Heat Shock Protein Inhibitor May Benefit Bladder Cancer Patients

Advanced bladder cancer patients with poor prognosis appear to benefit from adding apatorsen 600 mg to first-line chemotherapy with gemcitabine/cisplatin.

Advanced bladder cancer patients with poor prognosis appear to benefit from adding apatorsen 600 mg to first-line chemotherapy with gemcitabine/cisplatin, according to the results of a randomized, double-blind, phase II trial (abstract 4503) presented at the 2015 American Society of Clinical Oncology (ASCO) Annual Meeting held May 29 to June 2 in Chicago.

“In this exploratory phase II randomized trial, a trend toward overall survival and progression-free survival benefit was seen in patients with poor-prognosis disease treated with first-line gemcitabine/cisplatin plus apatorsen 600 mg,” said Joaquim Bellmunt, MD, PhD, associate professor of medicine at Harvard Medical School.

Apatorsen is a novel second-generation antisense oligonucleotide designed to inhibit heat shock protein 27 (Hsp27), which is overexpressed in bladder cancer. “Inhibition of Hsp27 enhances apoptosis, inhibits epithelial-mesenchymal transition and metastasis, and sensitizes cancer cells to therapy, including hormone and chemotherapy,” Bellmunt said.

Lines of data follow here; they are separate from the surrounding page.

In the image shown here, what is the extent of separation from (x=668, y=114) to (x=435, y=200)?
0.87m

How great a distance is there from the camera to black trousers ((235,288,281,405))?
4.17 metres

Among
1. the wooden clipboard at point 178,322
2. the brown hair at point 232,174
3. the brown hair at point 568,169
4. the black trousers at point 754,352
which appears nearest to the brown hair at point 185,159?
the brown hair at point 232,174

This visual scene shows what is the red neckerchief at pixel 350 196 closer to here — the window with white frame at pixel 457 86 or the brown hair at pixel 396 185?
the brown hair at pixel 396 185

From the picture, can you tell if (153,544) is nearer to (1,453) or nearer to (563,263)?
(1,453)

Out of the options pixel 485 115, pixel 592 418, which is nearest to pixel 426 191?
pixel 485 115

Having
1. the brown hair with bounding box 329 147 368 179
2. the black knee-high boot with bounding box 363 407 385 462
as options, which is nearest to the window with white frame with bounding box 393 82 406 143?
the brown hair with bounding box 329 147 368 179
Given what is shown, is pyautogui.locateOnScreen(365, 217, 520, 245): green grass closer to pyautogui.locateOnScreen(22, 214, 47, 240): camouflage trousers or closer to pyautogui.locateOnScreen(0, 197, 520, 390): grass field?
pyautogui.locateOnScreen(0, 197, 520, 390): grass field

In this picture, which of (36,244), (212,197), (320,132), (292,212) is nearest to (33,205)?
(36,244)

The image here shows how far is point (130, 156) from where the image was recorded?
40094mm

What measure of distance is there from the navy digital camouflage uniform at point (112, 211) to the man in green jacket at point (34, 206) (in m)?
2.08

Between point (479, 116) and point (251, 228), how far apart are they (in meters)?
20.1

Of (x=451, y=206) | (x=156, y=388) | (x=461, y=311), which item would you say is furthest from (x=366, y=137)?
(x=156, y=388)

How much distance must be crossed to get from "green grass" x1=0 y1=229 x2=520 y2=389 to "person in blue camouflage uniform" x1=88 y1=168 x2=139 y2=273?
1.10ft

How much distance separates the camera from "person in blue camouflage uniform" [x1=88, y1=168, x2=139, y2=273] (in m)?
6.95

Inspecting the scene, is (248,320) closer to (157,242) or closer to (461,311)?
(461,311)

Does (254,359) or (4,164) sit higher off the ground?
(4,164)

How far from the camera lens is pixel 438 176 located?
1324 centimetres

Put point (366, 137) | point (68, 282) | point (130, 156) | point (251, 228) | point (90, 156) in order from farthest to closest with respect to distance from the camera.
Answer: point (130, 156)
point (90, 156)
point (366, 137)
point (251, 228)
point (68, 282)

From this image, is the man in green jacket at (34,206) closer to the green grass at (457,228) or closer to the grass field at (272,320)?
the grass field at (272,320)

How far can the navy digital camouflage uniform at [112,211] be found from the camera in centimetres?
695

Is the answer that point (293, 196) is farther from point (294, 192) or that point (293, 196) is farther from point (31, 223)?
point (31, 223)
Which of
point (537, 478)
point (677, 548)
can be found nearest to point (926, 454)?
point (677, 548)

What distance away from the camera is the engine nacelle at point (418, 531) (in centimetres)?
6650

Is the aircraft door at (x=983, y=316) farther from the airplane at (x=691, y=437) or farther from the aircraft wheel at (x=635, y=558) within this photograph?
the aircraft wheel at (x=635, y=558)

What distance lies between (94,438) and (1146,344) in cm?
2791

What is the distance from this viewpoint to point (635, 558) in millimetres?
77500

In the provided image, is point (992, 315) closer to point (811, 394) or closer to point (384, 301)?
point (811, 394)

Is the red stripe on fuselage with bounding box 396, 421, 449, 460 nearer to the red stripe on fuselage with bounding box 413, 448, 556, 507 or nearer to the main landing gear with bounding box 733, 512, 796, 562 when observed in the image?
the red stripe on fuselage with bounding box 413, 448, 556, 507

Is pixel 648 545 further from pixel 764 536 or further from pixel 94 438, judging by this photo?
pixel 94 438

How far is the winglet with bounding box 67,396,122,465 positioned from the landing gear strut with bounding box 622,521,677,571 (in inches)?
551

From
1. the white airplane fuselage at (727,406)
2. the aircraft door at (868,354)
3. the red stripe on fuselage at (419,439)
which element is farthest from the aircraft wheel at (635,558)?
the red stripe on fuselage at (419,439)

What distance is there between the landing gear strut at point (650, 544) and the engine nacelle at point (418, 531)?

In the trial, 179 chemotherapy-naïve patients with advanced bladder cancer, with a median age of about 64 years, were randomized to gemcitabine/cisplatin plus apatorsen 600 mg (58 patients), gemcitabine/cisplatin plus apatorsen 1,000 mg (60 patients), or gemcitabine/cisplatin plus placebo (61 patients). Patients were stratified by Karnofsky performance status (KPS) and visceral disease. The primary endpoint was overall survival. A post-hoc analysis was performed to explore the hypothesis that Hsp27 inhibition might be relevant to overall survival in poor-prognosis disease.

The overall efficacy results show no difference between the groups, with a median overall survival of 15 months and progression-free survival of 7.5 months in all 3 groups.

“We created a statistical model for evaluating prognostic risk factors,” said Bellmunt. A multivariate analysis found four factors-KPS, liver metastases, alkaline phosphatase, and hemoglobin-had the most prognostic significance.

A median prognostic score dichotomized patients into poor- and good-prognosis groups. Patients with poor prognosis treated with gemcitabine/cisplatin plus apatorsen 600 mg had a greater reduction in risk of death (hazard ratio [HR] = 0.717) compared with patients with good prognosis (HR = 1.44).

“Although the control arm had a trend for more poor prognostic patients (32 patients) at baseline, similarly selected patients in the apatorsen 600 mg arm (22 patients) showed a survival benefit (HR = 0.72),” he said. The single most important poor prognostic feature was lower KPS. These patients who received apatorsen 600 mg showed the most survival benefit (HR = 0.50).

Overall, treatment was well tolerated. The most common grade 3 or higher adverse events were neutropenia, anemia, thrombocytopenia, and hypertension. The frequency of grade 3 or higher toxicities was around 90% in all 3 groups. Gemcitabine/cisplatin plus apatorsen 1,000 mg had a higher early discontinuation rate, mainly due to infusion reactions.

In conclusion, Bellmunt said, “Apatorsen may be impacting the intrinsic biology of patients with poor risk factors. It is important to identify patients who will benefit from apatorsen, using biomarkers.”

ASCO discussant Maria DeSantis of the University of Warwick, commented, “The rationale for this well-performed study is sound, using well-known prognostic factors. But there are small numbers in the poor prognostic group. We urgently need biomarkers to develop apatorsen in poor-prognosis patients.” She suggested testing the drug in combination with carboplatin plus gemcitabine or in non-platinum combinations.